Rui Chafes vai à capital francesa visitar Alberto Giacometti. A visita chama-se “Gris, Vide, Cris.”, terá lugar na Fundação Gulbenkian e decorre de 1 de outubro a 3 de dezembro. É o encontro entre um dos nomes da escultura atual e um mestre da escultura do século XX

A ferida, aquela ferida humana que só os homens solitários carregam sem esforço, como um destino ou uma provação é a mais simples descrição daquilo que se pode dizer sobre a obra de Alberto Giacometti.

Intocável de tão sensível, marca a grandiosidade na escultura do século XX (1901/1966) e parece, a cada olhar, impossível de ser mexida, tapada, cruzada, mais trabalhada.

Ora esse incalculável privilégio cabe a Rui Chafes a partir de dia 1 de outubro e até dia 3 de dezembro, na Fundação Gulbenkian, em Paris.

O escultor português vai apresentar a sua obra negra, bem mais pesada no seu ferro em relação ao bronze ou ao gesso de Giacometti num diálogo que se pretende comungue de linguagens díspares e nele consiga arrebatar o mesmo sentimento de obra de arte, o da leveza do homem, da mulher e do animal, nesse figurativo constante da obra do suíço e dessa leveza que só o despojamento atinge.

O escultor português tem entre mãos uma das tarefas mais difíceis da sua vida, apesar de já ter dado provas de tornear as pequenas formas com a leveza das grandes esferas.
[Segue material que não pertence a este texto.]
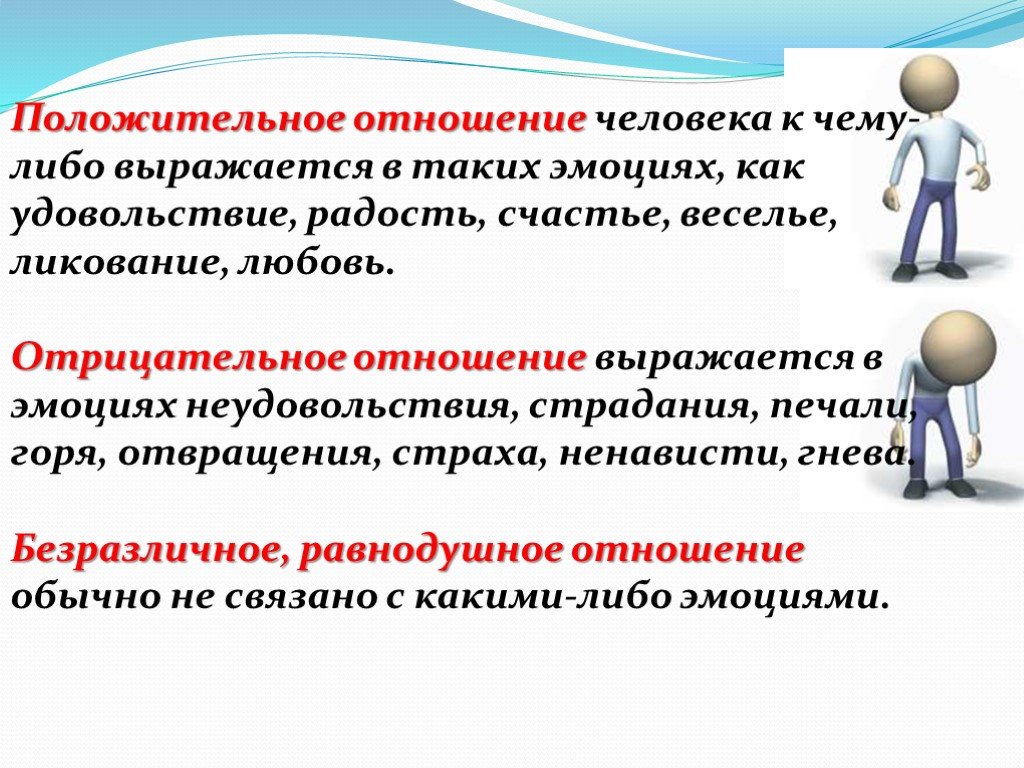 Проект на тему мое отношение к людям 4 класс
No entanto, “concorrer”, lado a lado, com aquele mestre da escultura que nos habituámos a ver como um expoente quase impossível de alcançar, não acontece todos os dias e não pode ser descurado. O seu traço caído, já sem força e com a vitalidade de toda a gente que já viveu, como dele fala Jean Genet num livro publicado em 1958 - ainda o mestre era vivo e trabalhava nos seus três m2 de ateliê -, aquela finura e delicadeza, a espessura invisível, esguia e fortíssima, a um só tempo, continuam a marcar o imaginário dos amantes de Giacometti, dos críticos de arte, e dos artistas.

Um mundo que estará alerta para saber onde Chafes acertou e onde falhou. Como tocou, qual ousadia ou mesmo sacrilégio, dirão alguns puristas, ao misturar a sua marca escultórica bem mais agressiva e nada figurativa, mesmo a roçar o não objeto, nesse mesmo lugar do belo. É que Chafes foi convidado pela própria Fundação Giacometti para trabalhar à volta do universo daquele artista e foi-lhe mesmo concedido terminar, se assim o entender, uma peça do escultor.

A responsabilidade, que é muita, será uma prova de fogo para Rui Chafes, nascido precisamente no mesmo ano do falecimento do escultor suíço (1966). E, para o homem das formas duras e tantas vezes fechadas em si mesmas, nada disto é uma coincidência.

A admiração de Chafes por Giacometti será outro desafio para o escultor português que maior sucesso tem alcançado no país e no estrangeiro, foi Prémio Pessoa em 2015, veio evoluindo subtilmente na criação de uma relação segura das suas peças com o espaço e tem conseguido levar a beleza para o que muitos consideram mesmo objetos de tortura nas suas formas inidentificáveis.